Log Time Range Report
=====================
/var/log/audit/audit.log: 03/02/09 14:13:38.225 - 17/02/09 15:30:01.636

The current audit.log contains all the desired data. Otherwise, use the “-if” option to point the aureport commands to the log file that contains the needed data.

Then, specify the start date and time and the end date and time of the desired time frame and combine it with the report option needed. This example focuses on login attempts:

aureport -ts 02/16/09 8:00 -te 02/16/09 18:00 -l

Login Report
============================================
# date time auid host term exe success event
============================================
1. 16/02/09 12:39:05 root: 192.168.2.100 sshd /usr/sbin/sshd no 2108
2. 16/02/09 12:39:12 0 192.168.2.100 /dev/pts/1 /usr/sbin/sshd yes 2114
3. 16/02/09 13:09:28 root: 192.168.2.100 sshd /usr/sbin/sshd no 2131
4. 16/02/09 13:09:32 root: 192.168.2.100 sshd /usr/sbin/sshd no 2133
5. 16/02/09 13:09:37 0 192.168.2.100 /dev/pts/2 /usr/sbin/sshd yes 2139

The start date and time are specified with the “-ts” option.

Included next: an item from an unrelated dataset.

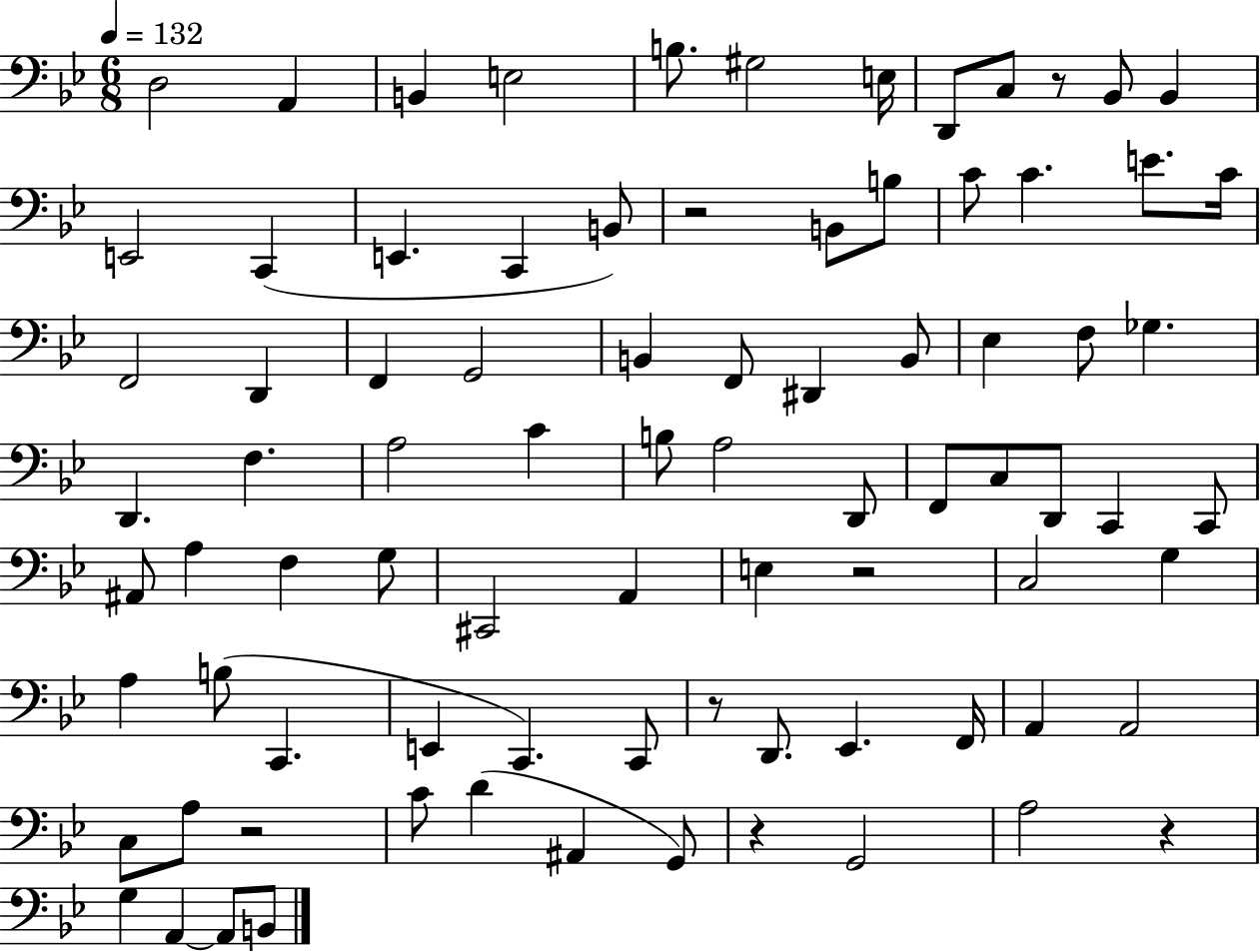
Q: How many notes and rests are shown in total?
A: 84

Any event that has a time stamp equal to or after your given start time appears in the report. If you omit the date, aureport assumes that you meant today. If you omit the time, it assumes that the start time should be midnight of the date specified.

Specify the end date and time with the “-te” option. Any event that has a time stamp equal to or before your given event time appears in the report. If you omit the date, aureport assumes that you meant today. If you omit the time, it assumes that the end time should be now. Use the same format for the date and time as for -ts.